Sehr geehrter "Herr der Kommentare",
ich habe heute morgen folgenden Beitrag zu dem Thema geschickt:
"Mangelnde Objektivität
Die Überschrift Ein bisschen Reue ist eine Frechheit. Es handelt sich um einen Kommentar, der in Widerspruch zu dem steht, was im Bericht selbst ausgesagt wird. Wieder einmal wird Papst Benedikt von der Süddeutschen bewusst in ein schiefes Licht gerückt. Scham und Einsicht erwarten die verantwortlichen Redakteure, die solche Überschriften fabrizieren, anscheinend nur von anderen. Für kritische Leser/innen ist die mangelnde Objektivität der Süddeutschen gegenüber dem Papst und der kath. Kirche schon lange geradezu mit Händen zu greifen."
Dieser Kommentar ist nicht mehr vorhanden. Fühlen Sie sich beleidigt? Habe ich die "Ehre" der Süddeutschen Zeitung verletzt?
auch hier im Forum. Mit dem Rotstift!
kamen diese worte wirklich von herzen oder war es war es auf anraten seines PR-beraters?
so etwas ist auch auf gerichten gang und gebe, denn wie oft rät ein anwalt seinem mandanten reue zu zeigen, damit sowohl der richter als auch der staatsanwalt milde walten lassen!
einerseits eine sehr späte herumeierei mit worten und andererseits keine direkten worte!!
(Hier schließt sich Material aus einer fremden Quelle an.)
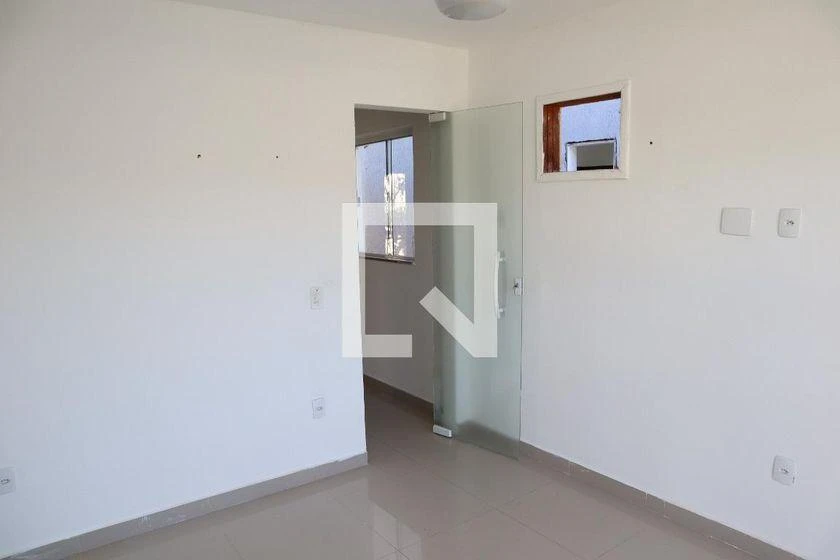 2-bedroom house, both with their own bathrooms, 160 m² — photo 25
Mit Blick auf die Überschrift sei Frau Bachstein gefragt, ob sie auch eine Formulierung wie "Ein bisschen schwanger" für gutes Deutsch hält.
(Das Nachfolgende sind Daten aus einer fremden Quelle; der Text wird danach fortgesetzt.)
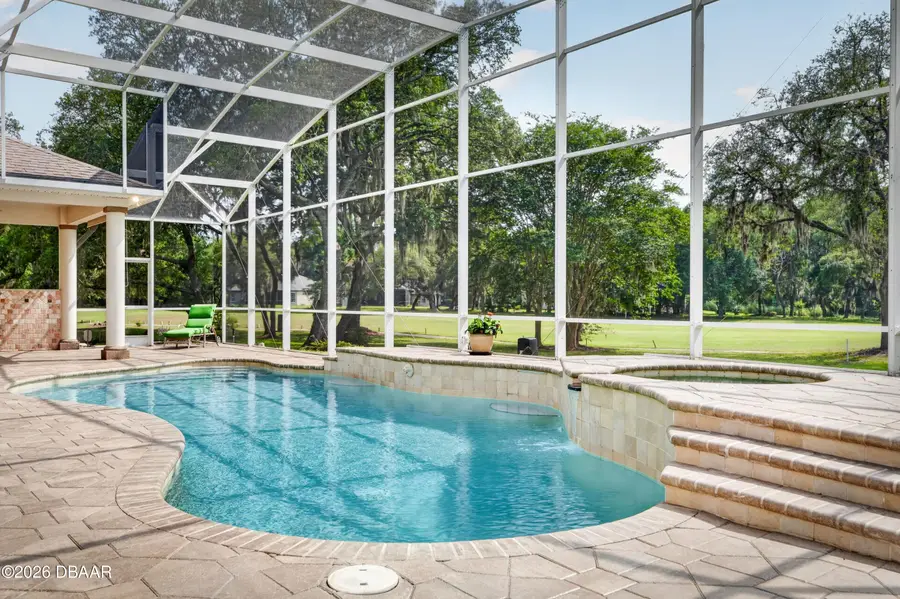 1418 Dolph Circle, Ormond Beach, FL 32174 - #3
Ich vermute, dass Frau Bachstein nicht für die Überschrift verantwortlich ist. Sie hat ihre Arbeit als Korrespondentin getan und bekommt dann von irgendeinem Anonymus eine Überschrift "verpasst". Das Üble daran ist, dass in den Artikelübersichten diese falsche (!) Überschrift stehen bleibt und die Pseudo-Information gegeben wird:
Papst Benedikt zum Missbrauchsskandal Ein bisschen Reue
Gibt es bei der Süddeutschen eigentlich keinen verantwortlichen Chefredakteur, der gegen diese plumpe Meinungsmache vorgeht? Oder ist das der neue Stil der Süddeutschen?